PytorchHow-ToBeginner · 4 min read

How to Use torchvision.models in PyTorch for Pretrained Models

Use torchvision.models to load pretrained deep learning models easily by calling functions like models.resnet18(pretrained=True). These models can be used for image classification or fine-tuning by passing input tensors and getting predictions.

📐

Syntax

The basic syntax to load a pretrained model from torchvision.models is:

models.model_name(pretrained=True) loads a model with pretrained weights.
model.eval() sets the model to evaluation mode for inference.
Input images must be transformed to tensors and normalized before passing to the model.

python

import torchvision.models as models

# Load a pretrained ResNet18 model
model = models.resnet18(pretrained=True)

# Set model to evaluation mode
model.eval()

💻

Example

This example loads a pretrained ResNet18 model, prepares a sample image, and runs a forward pass to get predictions.

python

import torch
from torchvision import models, transforms
from PIL import Image
import requests

# Load pretrained ResNet18
model = models.resnet18(pretrained=True)
model.eval()

# Image preprocessing pipeline
preprocess = transforms.Compose([
    transforms.Resize(256),
    transforms.CenterCrop(224),
    transforms.ToTensor(),
    transforms.Normalize(mean=[0.485, 0.456, 0.406],
                         std=[0.229, 0.224, 0.225])
])

# Load an example image from the web
url = 'https://upload.wikimedia.org/wikipedia/commons/2/26/YellowLabradorLooking_new.jpg'
image = Image.open(requests.get(url, stream=True).raw)

# Preprocess the image
input_tensor = preprocess(image)
input_batch = input_tensor.unsqueeze(0)  # create batch dimension

# Run inference
with torch.no_grad():
    output = model(input_batch)

# Get predicted class index
predicted_idx = torch.argmax(output, dim=1).item()
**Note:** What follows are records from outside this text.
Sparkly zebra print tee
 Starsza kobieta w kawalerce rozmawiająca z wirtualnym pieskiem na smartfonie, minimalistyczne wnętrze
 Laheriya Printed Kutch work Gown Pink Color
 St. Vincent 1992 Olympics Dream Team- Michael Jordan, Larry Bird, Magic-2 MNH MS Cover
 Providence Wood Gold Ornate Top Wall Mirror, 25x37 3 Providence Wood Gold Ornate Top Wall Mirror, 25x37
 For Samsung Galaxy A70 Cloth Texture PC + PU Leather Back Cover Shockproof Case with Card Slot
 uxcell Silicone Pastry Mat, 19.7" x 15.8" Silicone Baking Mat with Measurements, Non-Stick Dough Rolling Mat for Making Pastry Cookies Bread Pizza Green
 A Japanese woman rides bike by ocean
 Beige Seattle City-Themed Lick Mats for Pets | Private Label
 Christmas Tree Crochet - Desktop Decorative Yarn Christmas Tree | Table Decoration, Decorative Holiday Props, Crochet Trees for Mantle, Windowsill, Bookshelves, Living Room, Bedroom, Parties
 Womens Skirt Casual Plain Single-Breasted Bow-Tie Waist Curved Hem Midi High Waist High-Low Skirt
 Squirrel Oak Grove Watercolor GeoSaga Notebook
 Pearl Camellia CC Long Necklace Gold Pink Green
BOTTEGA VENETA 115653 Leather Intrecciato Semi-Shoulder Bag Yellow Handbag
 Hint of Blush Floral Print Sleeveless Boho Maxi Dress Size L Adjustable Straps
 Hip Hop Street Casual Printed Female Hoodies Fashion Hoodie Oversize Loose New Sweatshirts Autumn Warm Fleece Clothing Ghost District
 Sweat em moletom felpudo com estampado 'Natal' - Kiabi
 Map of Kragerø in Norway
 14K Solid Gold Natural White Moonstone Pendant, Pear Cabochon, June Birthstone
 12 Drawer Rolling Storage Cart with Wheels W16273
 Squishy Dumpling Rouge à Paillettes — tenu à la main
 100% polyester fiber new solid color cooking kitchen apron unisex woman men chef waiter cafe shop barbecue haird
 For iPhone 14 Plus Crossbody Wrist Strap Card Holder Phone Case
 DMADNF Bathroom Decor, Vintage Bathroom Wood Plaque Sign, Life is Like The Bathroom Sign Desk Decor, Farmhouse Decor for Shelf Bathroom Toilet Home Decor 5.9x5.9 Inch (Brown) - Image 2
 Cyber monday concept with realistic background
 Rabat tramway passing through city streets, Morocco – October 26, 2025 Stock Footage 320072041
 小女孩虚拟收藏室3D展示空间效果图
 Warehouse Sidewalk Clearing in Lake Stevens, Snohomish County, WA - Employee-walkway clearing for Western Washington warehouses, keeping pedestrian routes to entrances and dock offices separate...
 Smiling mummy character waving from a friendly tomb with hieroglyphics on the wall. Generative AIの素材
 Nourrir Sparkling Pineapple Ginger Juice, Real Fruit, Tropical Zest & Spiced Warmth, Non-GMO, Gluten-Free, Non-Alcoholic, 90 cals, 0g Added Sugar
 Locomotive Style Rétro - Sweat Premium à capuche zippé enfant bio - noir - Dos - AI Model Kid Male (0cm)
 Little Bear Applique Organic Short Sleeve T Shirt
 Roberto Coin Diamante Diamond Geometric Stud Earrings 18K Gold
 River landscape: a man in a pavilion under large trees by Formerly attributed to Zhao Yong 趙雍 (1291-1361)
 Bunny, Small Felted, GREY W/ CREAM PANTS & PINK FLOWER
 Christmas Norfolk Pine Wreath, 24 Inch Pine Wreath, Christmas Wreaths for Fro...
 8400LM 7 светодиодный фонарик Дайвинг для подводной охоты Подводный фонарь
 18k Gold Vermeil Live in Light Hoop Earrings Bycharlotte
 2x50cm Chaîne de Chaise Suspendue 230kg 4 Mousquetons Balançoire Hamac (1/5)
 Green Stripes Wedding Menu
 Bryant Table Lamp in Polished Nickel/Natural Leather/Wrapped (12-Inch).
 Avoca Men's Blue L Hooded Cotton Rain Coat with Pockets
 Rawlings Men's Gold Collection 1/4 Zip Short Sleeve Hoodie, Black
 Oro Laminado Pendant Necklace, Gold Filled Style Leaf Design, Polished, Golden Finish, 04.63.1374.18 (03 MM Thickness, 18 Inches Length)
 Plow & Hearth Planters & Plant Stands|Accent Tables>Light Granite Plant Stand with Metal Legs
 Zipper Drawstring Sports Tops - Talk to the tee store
print(f'Predicted class index: {predicted_idx}')

Output

Predicted class index: 208

⚠️

Common Pitfalls

Forgetting to call model.eval() before inference can cause inconsistent results due to dropout or batch normalization layers.
Not preprocessing input images correctly (resize, crop, normalize) leads to poor predictions.
Passing inputs without a batch dimension (use unsqueeze(0)) will cause shape errors.
Using pretrained=True is deprecated in newer torchvision versions; use weights=models.ResNet18_Weights.DEFAULT instead.

python

import torchvision.models as models

# Deprecated way (older versions)
# model = models.resnet18(pretrained=True)

# Correct way (torchvision >= 0.13)
weights = models.ResNet18_Weights.DEFAULT
model = models.resnet18(weights=weights)
model.eval()

📊

Quick Reference

Here are some common model functions and their usage:

Model	Load Pretrained Syntax
ResNet18	models.resnet18(weights=models.ResNet18_Weights.DEFAULT)
AlexNet	models.alexnet(weights=models.AlexNet_Weights.DEFAULT)
VGG16	models.vgg16(weights=models.VGG16_Weights.DEFAULT)
MobileNetV2	models.mobilenet_v2(weights=models.MobileNet_V2_Weights.DEFAULT)
DenseNet121	models.densenet121(weights=models.DenseNet121_Weights.DEFAULT)

✅

Key Takeaways

Always load pretrained models using the weights parameter for compatibility with latest torchvision versions.

Preprocess input images with resize, crop, tensor conversion, and normalization before passing to the model.

Set the model to evaluation mode with model.eval() before running inference to get consistent results.

Add a batch dimension to inputs using unsqueeze(0) to avoid shape errors.

Use torchvision.models to quickly access popular pretrained models for image tasks.